# TP1: Understanding Tokenization

**Day 2 - AI for Sciences Winter School**

**Instructor:** Raphael Cousin

[![Open In Colab](https://colab.research.google.com/assets/colab-badge.svg)](https://colab.research.google.com/github/racousin/ai_for_sciences/blob/main/day2/tp1.ipynb)

## Objectives
1. Understand **why tokenization matters** for machine learning
2. Compare tokenization strategies: character, word, and subword (BPE)
3. Explore **domain-specific tokenizers** for molecules, DNA, and proteins
4. Understand trade-offs for scientific applications

## Setup

In [None]:
!pip install -q git+https://github.com/racousin/ai_for_sciences.git
!pip install -q transformers sentencepiece

import numpy as np
import matplotlib.pyplot as plt
from transformers import AutoTokenizer

from aiforscience import (
    visualize_tokens,
    compare_tokenizers,
    tokenizer_stats,
)

print("Setup complete!")

---
# Part 1: Why Tokenization Matters

**The Problem:** Neural networks only understand numbers, not text.

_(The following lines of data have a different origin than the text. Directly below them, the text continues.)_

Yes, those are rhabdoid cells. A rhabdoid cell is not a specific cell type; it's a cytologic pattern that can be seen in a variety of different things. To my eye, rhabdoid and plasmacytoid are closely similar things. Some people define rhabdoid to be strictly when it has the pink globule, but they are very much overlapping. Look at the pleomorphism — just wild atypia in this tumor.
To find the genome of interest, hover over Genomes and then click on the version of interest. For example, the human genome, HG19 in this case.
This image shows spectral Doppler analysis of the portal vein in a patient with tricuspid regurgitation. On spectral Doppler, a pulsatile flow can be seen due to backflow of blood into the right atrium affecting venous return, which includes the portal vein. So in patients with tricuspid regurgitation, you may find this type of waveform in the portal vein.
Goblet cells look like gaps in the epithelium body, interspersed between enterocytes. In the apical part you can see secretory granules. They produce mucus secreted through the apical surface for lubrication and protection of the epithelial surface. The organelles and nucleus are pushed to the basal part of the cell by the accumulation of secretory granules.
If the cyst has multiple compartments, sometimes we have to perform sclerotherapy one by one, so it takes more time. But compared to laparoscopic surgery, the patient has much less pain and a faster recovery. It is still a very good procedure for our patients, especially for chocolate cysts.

**Tokenization** converts text into a sequence of integers:

```
"Hello world" → ["Hello", " world"] → [15496, 995]
```

The choice of how to split text has major implications for model performance.

In [None]:
# Load GPT-2 tokenizer
tokenizer = AutoTokenizer.from_pretrained("gpt2")

# See tokenization in action
text = "Machine learning transforms scientific research."
visualize_tokens(text, tokenizer)
plt.show()

## Three Tokenization Strategies

| Strategy | How it works | Vocab Size | Sequence Length |
|----------|--------------|------------|------------------|
| **Character** | Each character = 1 token | ~100 | Very long |
| **Word** | Each word = 1 token | 100K+ | Short |
| **Subword (BPE)** | Frequent substrings = tokens | ~30-50K | Medium |

In [None]:
text = "Photosynthesis occurs in chloroplasts."

# Character-level
char_tokens = list(text)
print(f"Character-level: {len(char_tokens)} tokens")
print(f"  {char_tokens[:15]}...\n")

# Word-level
word_tokens = text.replace('.', ' .').split()
print(f"Word-level: {len(word_tokens)} tokens")
print(f"  {word_tokens}\n")

# Subword (BPE) - GPT-2
subword_tokens = tokenizer.tokenize(text)
print(f"Subword (GPT-2): {len(subword_tokens)} tokens")
print(f"  {subword_tokens}")

**Key insight:** BPE keeps common words as single tokens but splits rare words into subwords.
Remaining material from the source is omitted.